North Carolina's state legislature and elections board examined the practice carefully before recommending a 10-location test in local elections that began this month, and the county elections boards approved it, too, before allowing a test in their jurisdictions. The North Carolina League of Women voters also endorsed it.

The first place to hold an election with instant runoff voting was Cary, a suburb of Raleigh, the capital. With a population of 123,00, Cary is in Wake County, which is also home to North Carolina State University and the state's famous high-tech Triangle Research Park.

In its Oct. 9 election, Cary's voters filled three town council seats, all of which had three or more candidates running, the minimum for IRV. The election worked smoothly according to local officials, and Council member Erv Portman said he asked voters at the polls whether they had any trouble understanding the new system or filling out their ballots, which asked them to rank their favorite No. 1, then rank the other candidates in their order of preference -- if they wished.

"They looked at me as if to say, 'Are you kidding? This isn't exactly rocket science,' Portman said. "The anecdotal evidence is that people really liked it and weren't at all confused."

Portman was appointed earlier this year and elected to his own four-year term in that election.

In an "instant runoff," if the leading candidate in a multi-candidate race fails to get a majority, the second preference of the losing candidate's voters are added to the leading candidates' totals, and that continues until one of them has a majority of votes cast.

"Making a second or third choice never hurts your first choice," Cherie Poucher, director of Wake County's Board of Elections, assured voters before the election, "because they're not even looked at unless your first choice clearly loses."

It turned out an instant runoff was necessary in one Cary town council race, and it worked perfectly, Portman said. It didn't change the order of finish.

As a result, Poucher said, IRV is saving her from having to set up and staff a whole lot more precincts - in Cary -- for the Nov. 6 election, where there would be just one race on the ballot, and turnout would be dismal. "We have a professor [at N.C. State] who's analyzing exit polling data on people's reactions to [IRV]. We'll have those results soon."

Although eliminating a runoff election saved Cary about $60,000, Portman said town financial considerations was the least important reason why doing it that way proved a good move.

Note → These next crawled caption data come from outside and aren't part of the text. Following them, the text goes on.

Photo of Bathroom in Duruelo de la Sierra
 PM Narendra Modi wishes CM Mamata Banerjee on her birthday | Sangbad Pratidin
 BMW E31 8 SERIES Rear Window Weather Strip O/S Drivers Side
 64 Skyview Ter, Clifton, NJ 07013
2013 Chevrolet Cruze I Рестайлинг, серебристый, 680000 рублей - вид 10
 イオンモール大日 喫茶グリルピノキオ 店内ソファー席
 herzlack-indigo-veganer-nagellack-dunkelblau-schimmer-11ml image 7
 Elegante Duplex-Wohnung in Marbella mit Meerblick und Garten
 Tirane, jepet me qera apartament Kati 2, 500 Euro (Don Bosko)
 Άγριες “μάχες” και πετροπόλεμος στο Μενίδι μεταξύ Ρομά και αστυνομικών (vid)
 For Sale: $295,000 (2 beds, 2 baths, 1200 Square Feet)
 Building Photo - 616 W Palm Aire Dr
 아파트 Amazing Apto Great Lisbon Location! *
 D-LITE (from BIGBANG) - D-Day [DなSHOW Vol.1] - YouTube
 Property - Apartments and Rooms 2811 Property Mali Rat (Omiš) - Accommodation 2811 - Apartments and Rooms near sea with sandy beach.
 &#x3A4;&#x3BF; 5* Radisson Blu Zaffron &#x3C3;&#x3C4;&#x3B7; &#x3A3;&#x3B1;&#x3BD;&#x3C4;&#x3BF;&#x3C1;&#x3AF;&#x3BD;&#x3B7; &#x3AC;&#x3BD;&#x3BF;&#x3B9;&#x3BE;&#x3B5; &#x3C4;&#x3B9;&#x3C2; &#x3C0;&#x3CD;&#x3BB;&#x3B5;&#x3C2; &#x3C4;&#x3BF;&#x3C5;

It also saved voters the time and gas to return weeks later to vote again.

Portman said far more people vote in the general election, so candidates chosen in that election are more representative of the entire electorate. "When you have a runoff election, a minority of voters gets to chose the majority's candidate," he said.

And special interests have the most influence in runoff elections, because they have the ability to raise significant amounts of money in the second election's short, three-week run-up, he said. It also made it easier for candidates to budget their resources, knowing there will only be one election - and saved a whole second round of fundraising.

Instant runoffs also foil the ploy of recruiting spoiler candidates who drain support from a popular candidate by espousing similar views, allowing a candidate supported by a minority of voters to win. In IRV elections, the winner always earns a majority of voters' support.

Cary had that happen once. A third candidate entered a race in the last election cycle, then withdrew, but it was too late for his name to be removed from the ballot. "He still drew 4-5 percent of the vote,' Portman said, enough to change the outcome of the race.

Even the unintended consequences from the IRV method were good, Portman said.

Candidates listened more to their constituents. "Where before, if a voter told you he was voting for another candidate, you were likely to just walk away. But with an instant runoff, you stay and keep the communication going. You want that person to choose you as their second choice."

And that same consideration made the entire campaign process far more civil, he said, for the same reason. There weren't those last-minute personal attacks and nastiness, "because candidates didn't want to alienate any other candidate's supporters.'

"It was one election, on one day, with one winner,' Portman said. "People opposed to it will try to make it sound confusing, tell you some people get to vote twice, but it's not confusing' and no one votes twice. "It's just a side benefit that the town saves money."

The proposal has been endorsed by The St. Petersburg Times, The Tampa Tribune, The Bradenton Herald and the Pelican Press. Even if approved by voters, the IRV system will not be used until the state certifies new vote-counting software.